Your output consists solely of the lines from the one that contains "Purple Flowers on Mountain — Pink, Serene" to the end of the material, each reproduced exactly; pictures do not belong in it.

Segment Start: INPUT MATERIAL

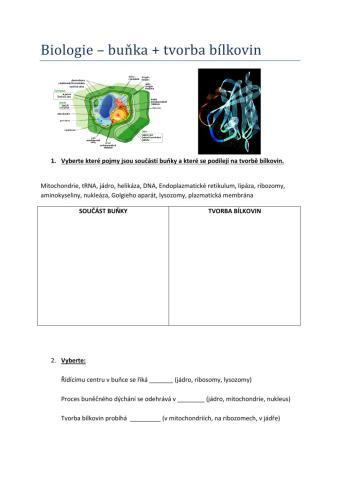 Biologie - Buňka + tvorba bílkovin
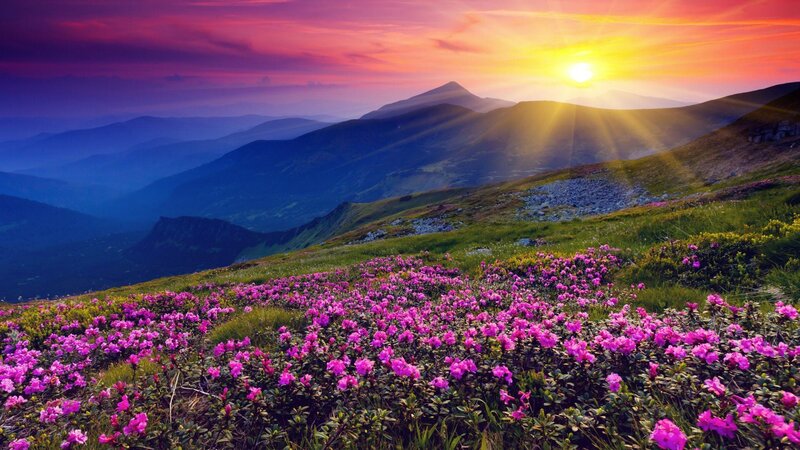 Purple Flowers on Mountain — Pink, Serene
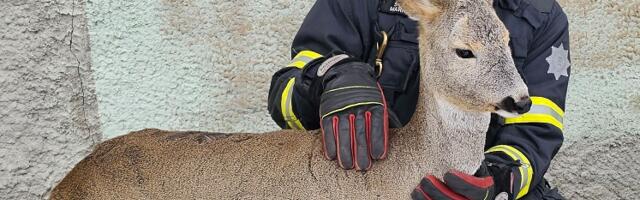 Lõuna-Eesti päästjad said väljakutsed Jõgevamaalt, Tartust ja Võrust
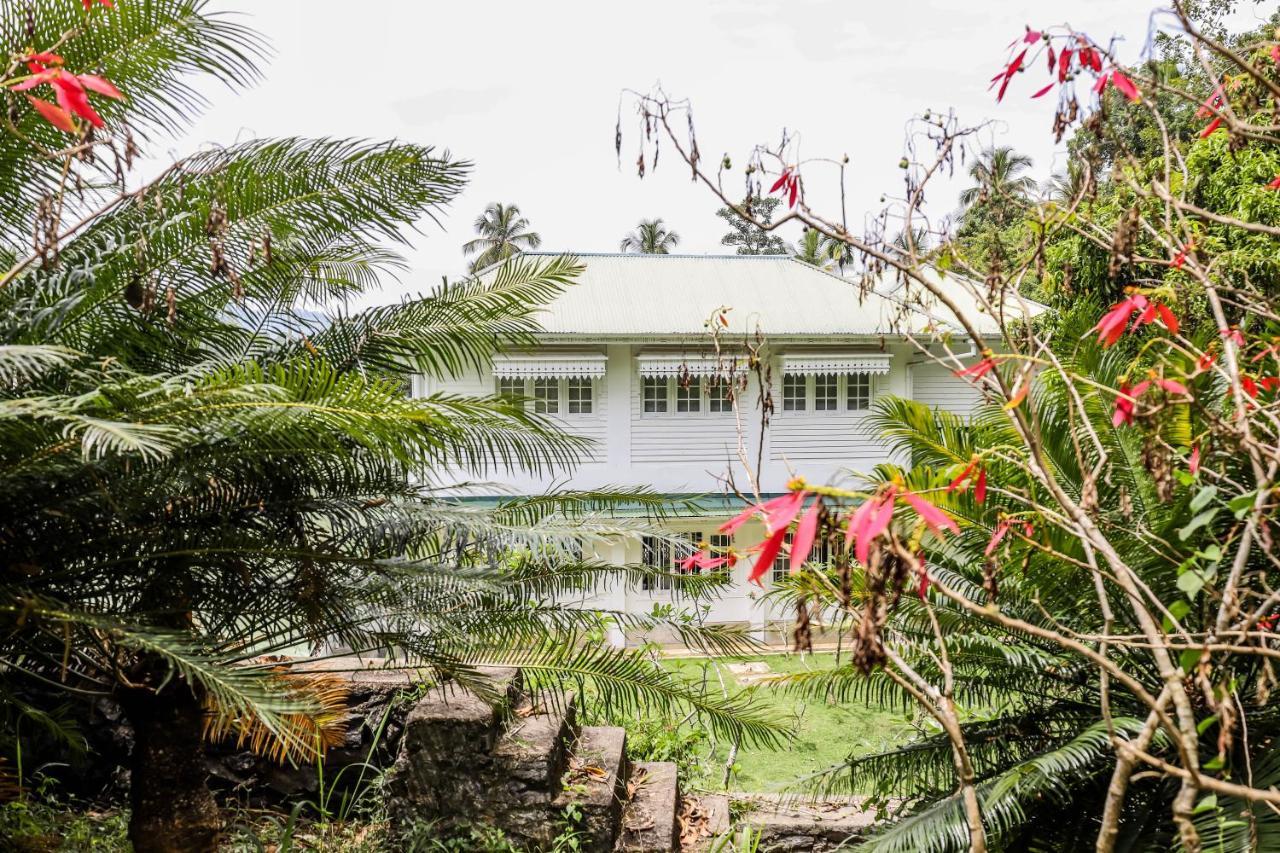 The Flame Tree Estate & Hotel 캔디 외부 사진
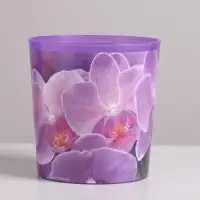 Кашпо для цветов «Орхидея», 1,6 л, 14 х 14 см Кашпо для цветов «Орхидея», 1,6 л, 14 х 14 см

Segment End: INPUT MATERIAL

**SOLUTION TO THIS TASK**
 Purple Flowers on Mountain — Pink, Serene
 Lõuna-Eesti päästjad said väljakutsed Jõgevamaalt, Tartust ja Võrust
 The Flame Tree Estate & Hotel 캔디 외부 사진
 Кашпо для цветов «Орхидея», 1,6 л, 14 х 14 см Кашпо для цветов «Орхидея», 1,6 л, 14 х 14 см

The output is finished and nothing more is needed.